- [WORK TASK]:
Give back the lines below verbatim, omitting all pictures.

- [COLLECTED MATERIAL]:
※ ※ ※
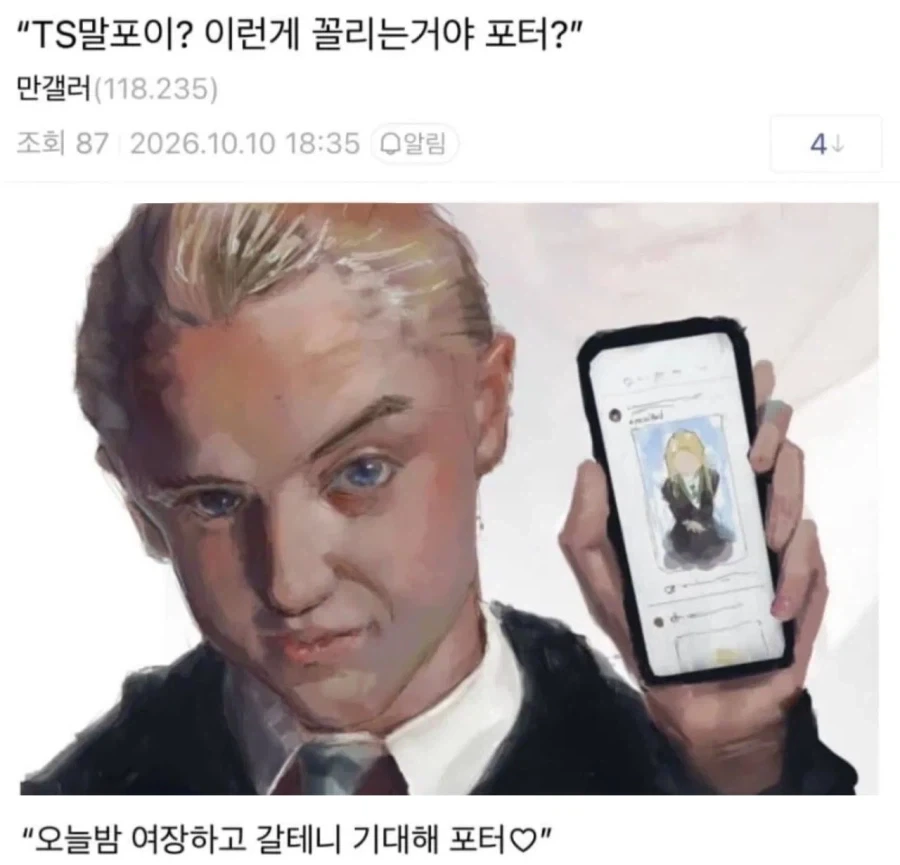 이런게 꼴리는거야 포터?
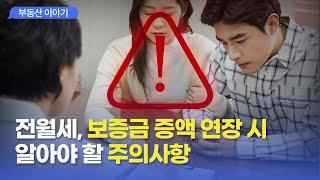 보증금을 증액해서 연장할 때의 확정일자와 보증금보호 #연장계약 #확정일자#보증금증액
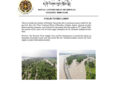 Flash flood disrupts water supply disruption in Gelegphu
※ ※ ※
- [COMPLETED EXERCISE]:
 이런게 꼴리는거야 포터?
 보증금을 증액해서 연장할 때의 확정일자와 보증금보호 #연장계약 #확정일자#보증금증액
 Flash flood disrupts water supply disruption in Gelegphu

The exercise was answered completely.